**About this exercise:**
Your copy of the lines below must match them exactly and contain no images.

**Information shown:**
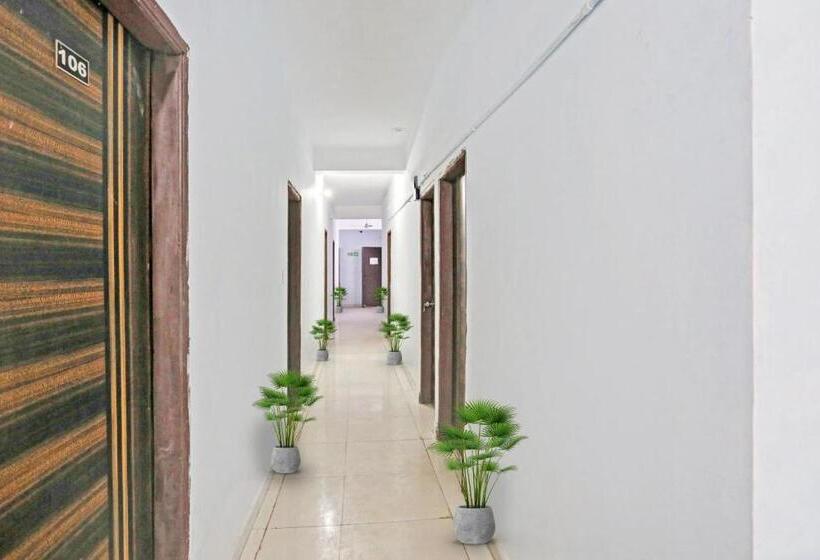 Hotel Flagship Imperial Residency Near Dashrath Puri Metro Station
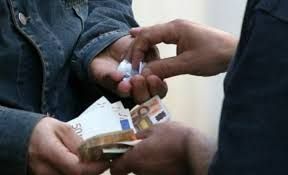 Progetto &quot;Scuole sicure&quot;: l'infallibile fiuto del cane poliziotto Oka fa scattare l'operazione antidroga &quot;Ramo secco&quot;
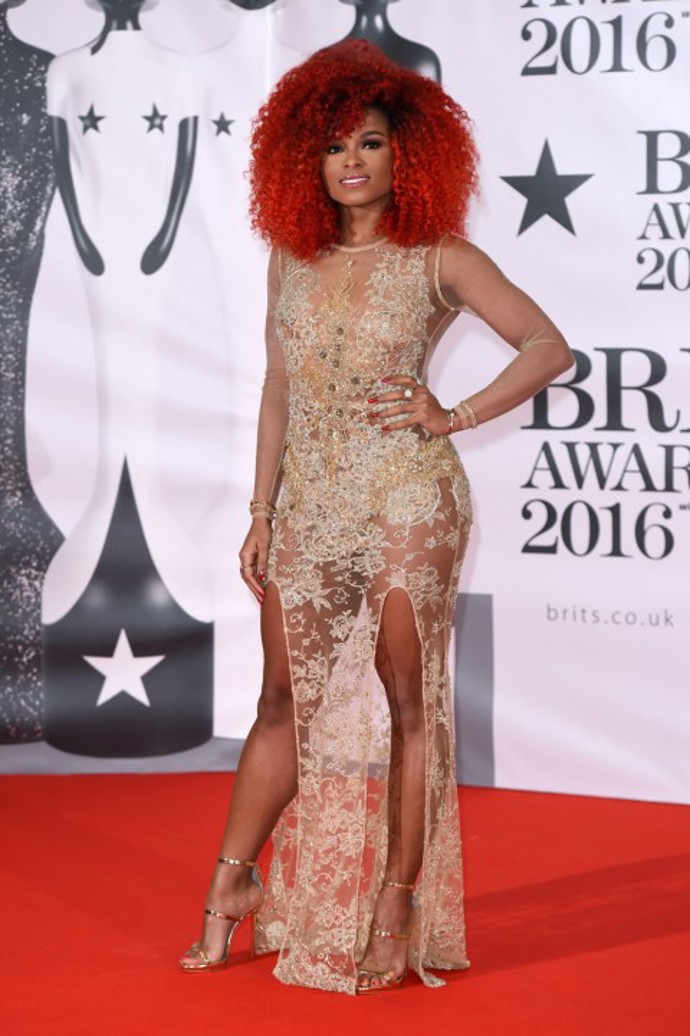 Zkrotit vlasy se zpěvačce Fleur East sice nepodařilo, pohledy přítomných však ano. Stáčely se k její krajkové róbě, která působila coby druhá kůže.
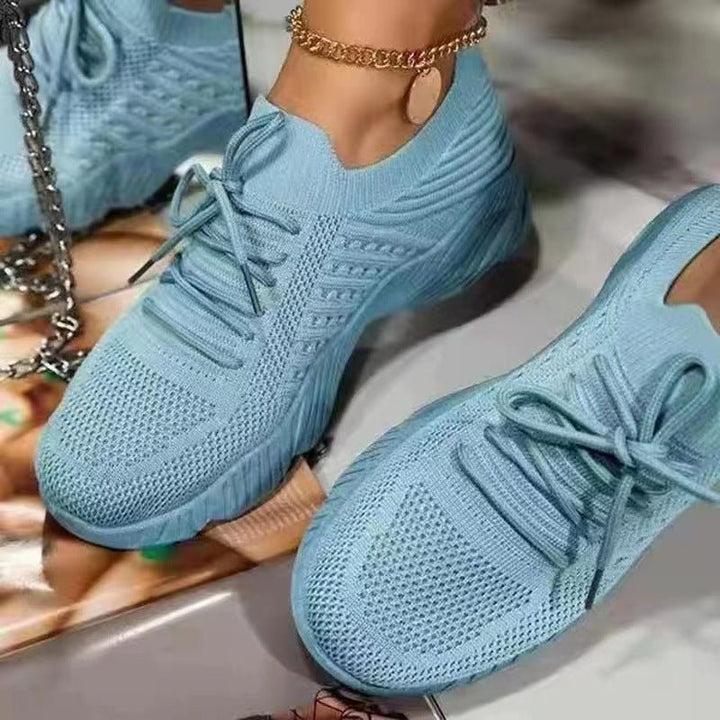 Solina - Superleichte Sneakers mit rutschfester Sohle und atmungsaktivem Design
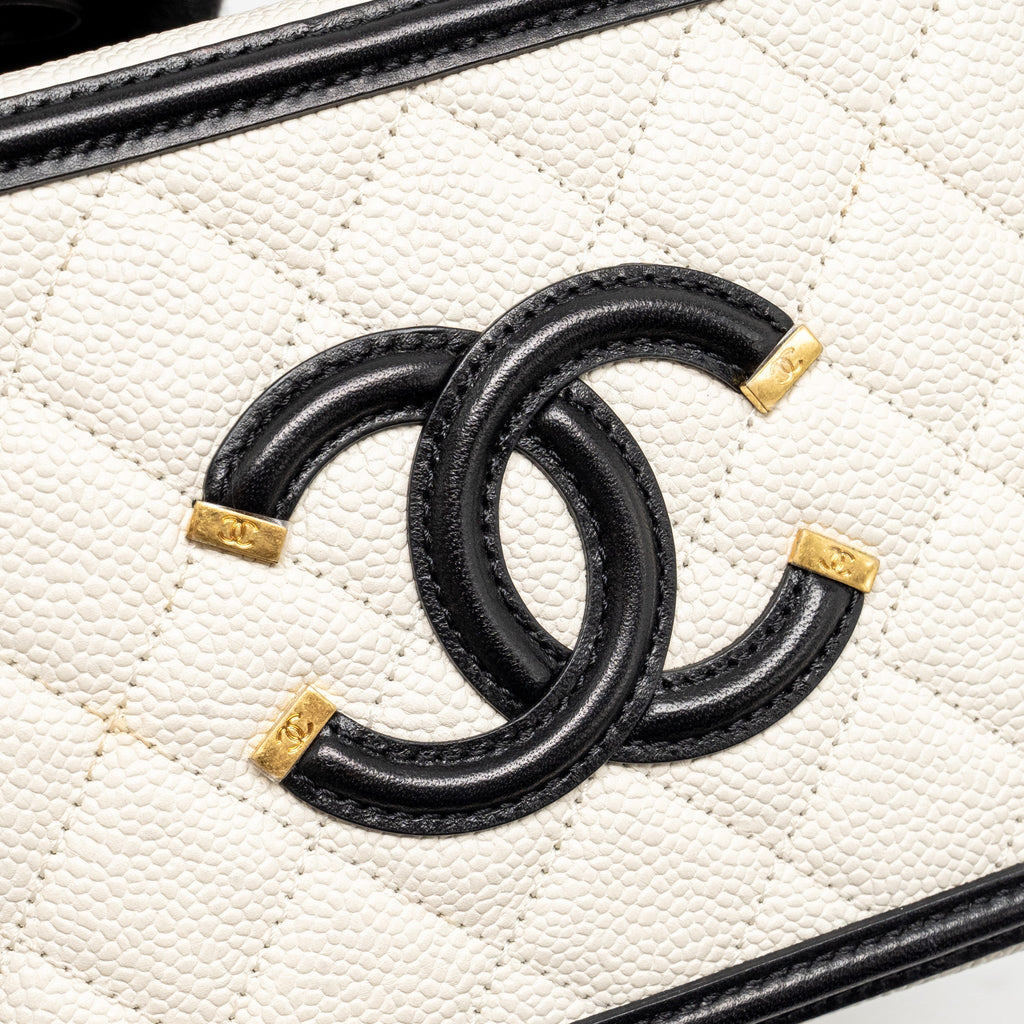 CHANEL CC FILIGREE VANITY CASE CAVIAR WHITE/BLACK GHW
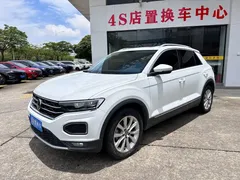 2022 Volkswagen T-Roc 280TSI DSG 2WD PLUS, белый — фото 1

**Answer for the task:**
 Hotel Flagship Imperial Residency Near Dashrath Puri Metro Station
 Progetto &quot;Scuole sicure&quot;: l'infallibile fiuto del cane poliziotto Oka fa scattare l'operazione antidroga &quot;Ramo secco&quot;
 Zkrotit vlasy se zpěvačce Fleur East sice nepodařilo, pohledy přítomných však ano. Stáčely se k její krajkové róbě, která působila coby druhá kůže.
 Solina - Superleichte Sneakers mit rutschfester Sohle und atmungsaktivem Design
 CHANEL CC FILIGREE VANITY CASE CAVIAR WHITE/BLACK GHW
 2022 Volkswagen T-Roc 280TSI DSG 2WD PLUS, белый — фото 1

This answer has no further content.